Caption-style text data
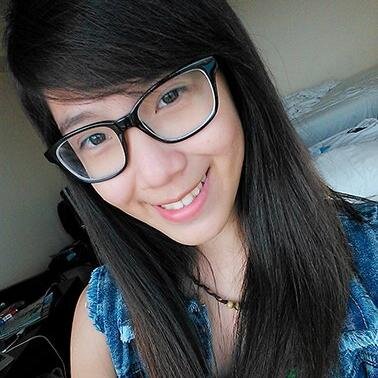 Im confused with my own little world, where doubts have taken over.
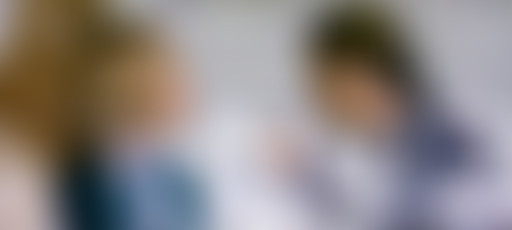 Extérieur Nuit : La fête commence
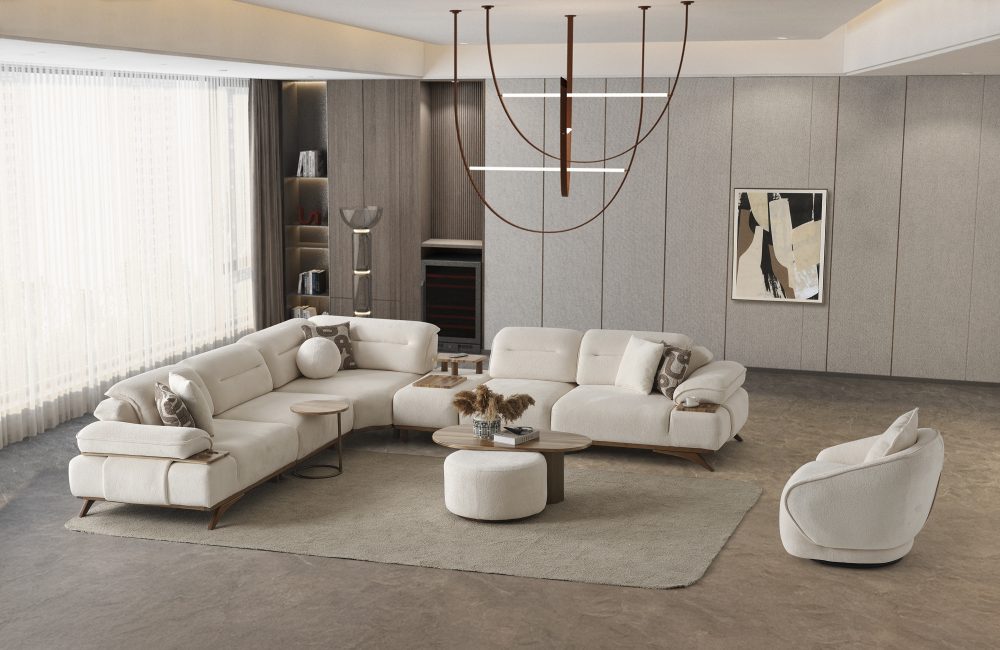 NEK-7373-copy-1000×650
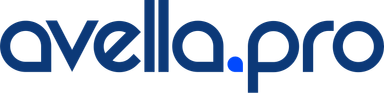 avella.pro
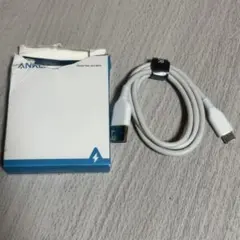 Anker PowerLine USB-C to USB 3.0 0.9m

> _Aim of the exercise_
Only the lines from the one containing "NEK-7373-copy-1000×650" through the last line of the entries above belong in the copy; reproduce them exactly and drop every picture.

> _Solution below_
 NEK-7373-copy-1000×650
 avella.pro
 Anker PowerLine USB-C to USB 3.0 0.9m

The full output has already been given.